Que nuestra mente concuerde con nuestra voz. (19,7)
Reflexionemos un día más sobre la llamada regla de Oro de la autenticidad. “Que nuestra mente concuerde con nuestra voz”.
Concuerde, es la palabra clave, como expresión de la coherencia, de la madurez, de la superación constante de todas las formas de dualidad que sufrimos los hombres.
Nuestra debilidad se debate en una serie de dilemas que nos parecen insuperables en los caminos de la oración, en la búsqueda del Señor, único capaz de coronar con su don esta búsqueda.
El primer dilema es búsqueda de interioridad frente a la objetividad de la Palabra de Dios.
S. Benito resuelve este dilema de una manera impensable para la sensibilidad de nuestro tiempo que diría al revés: que las expresiones verbales estén de acuerdo con vuestro pensamiento.
Pero S. Benito sobrepasa la antropología, y nos pone por la fe dentro del misterio cristiano. La oración cristiana es mucho más que un esfuerzo de interioridad. (De lo contrario quedaría en la categoría paulina de las obras, en contraposición de la gracia)
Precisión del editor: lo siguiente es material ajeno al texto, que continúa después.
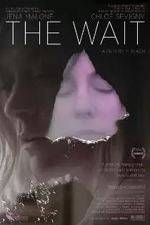 Watch The Wait Goojara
La oración cristiana es siempre una respuesta a la llamada de Dios.»Me has seducido Señor, y yo me he dejado seducir. (Jer 27)
Por ello la oración, si bien reclama lo mejor de cada uno de nosotros mismos, se alimenta con la objetividad de una palabra inspirada, que es concreción humana de la iniciativa de Dios y expresión gratuita de la respuesta del hombre.
Toda la Escritura, y en particular los salmos nos ofrecen la pauta de la oración y entonces también empieza a ser orientadora para el hombre de hoy la frase de S. Benito: “que nuestra mente concuerde con nuestra voz”.
En lugar de contraponer interioridad y expresión exterior impuesta, buscamos la vivencia de una caridad que unifica todo en una respuesta de oración a aquel que nos ha amado primero.
De acuerdo con la expresión de S. Ireneo, es Dios mismos quien nos coge con sus dos manos: la Palabra por el exterior y el Espíritu por el interior.
El segundo dilema es libertad personal y expresión comunitaria. Proviene también de una expresión poco cristiana del hombre.
Cuando hay una vivencia profundamente cristiana, persona y comunidad no se oponen, sino que se complementan.
Cuando oponemos estos dos términos, es señal de que los vivimos superficialmente. El hombre que vive a fondo el aspecto personal de la oración es el único también de vivir a fondo la oración de comunidad con todo lo que comporta: aceptación y atención de los otros, apertura. Y viceversa, solo el hombre que sepa dar contenido a la oración en común será capaz de una auténtica interioridad sin caer en falsos misticismos.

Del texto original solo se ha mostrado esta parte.